On L1-norms for non-harmonic trigonometric polynomials with sparse frequencies

TL;DR

This paper establishes new L1-norm inequalities for non-harmonic trigonometric polynomials with sparse frequencies, extending classical results to cases with increasing gaps and small observation intervals, with applications to Schrödinger equations.

Contribution

It introduces novel inequalities for sparse frequency sequences with diverging gaps, allowing arbitrarily small observation intervals, extending prior harmonic analysis results.

Findings

Inequalities hold for sequences with diverging gaps.

Results apply to arbitrarily small observation intervals.

Applications demonstrated in Schrödinger equation observability.

Abstract

In this paper we show that, if an increasing sequence $\Lambda=(\lambda_k)_{k\in\mathbb{Z}}$ has gaps going to infinity $\lambda_{k+1}-\lambda_k\to +\infty$ when $k\to\pm\infty$, then for every $T>0$ and every sequence $(a_k)_{k\in\mathbb{Z}}$ and every $N\geq 1$, $$ A\sum_{k=0}^N\frac{|a_k|}{1+k}\leq\frac{1}{T}\int_{-T/2}^{T/2} \left|\sum_{k=0}^N a_k e^{2i\pi\lambda_k t}\right|\,\mbox{d}t$$ further, if $\sum_{k\in\mathbb{Z}}\dfrac{1}{1+|\lambda_k|}<+\infty$,$$ B\max_{|k|\leq N}|a_k|\leq\frac{1}{T}\int_{-T/2}^{T/2} \left|\sum_{k=-N}^N a_k e^{2i\pi\lambda_k t}\right|\,\mbox{d}t $$ where $A,B$ are constants that depend on $T$ and $\Lambda$ only.

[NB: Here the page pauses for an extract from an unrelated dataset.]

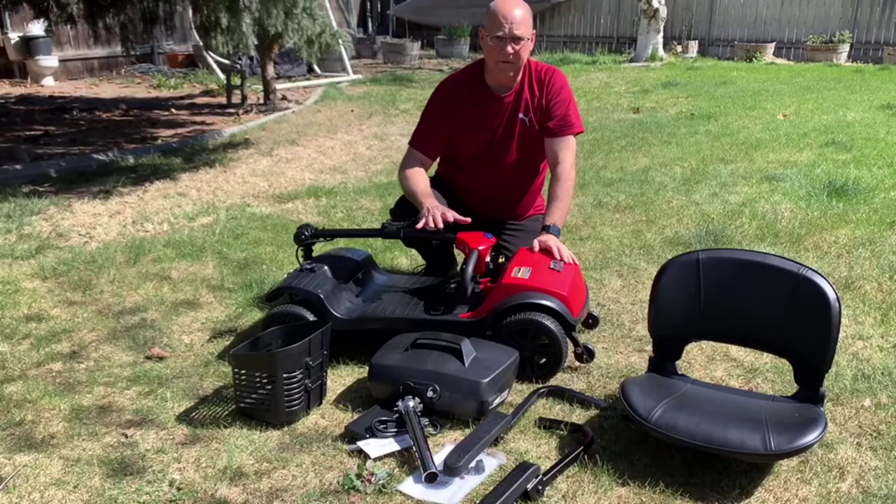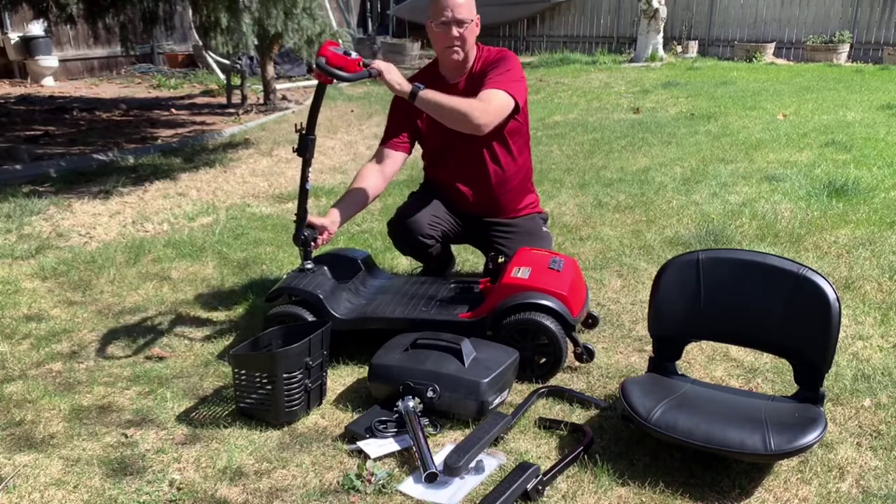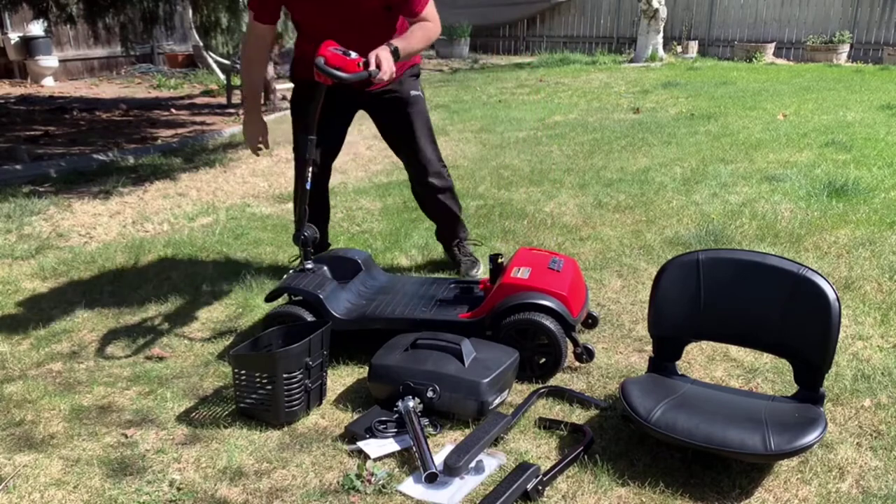The scooter folds down flat, but to assemble it, it's extremely easy. We just raise the front arm and lock it into the place we want it at. We can put the basket on.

The first inequality was obtained by Nazarov for $T>1$ and the second one by Ingham for $T\geq 1$ under the condition that $\lambda_{k+1}-\lambda_k\geq 1$. The main novelty is that if those gaps go to infinity, then $T$ can be taken arbitrarily small. The result is new even when the $\lambda_k$'s are integers where it extends a result of McGehee, Pigno and Smith. The results are then applied to observability of Schr\"odinger equations with moving sensors.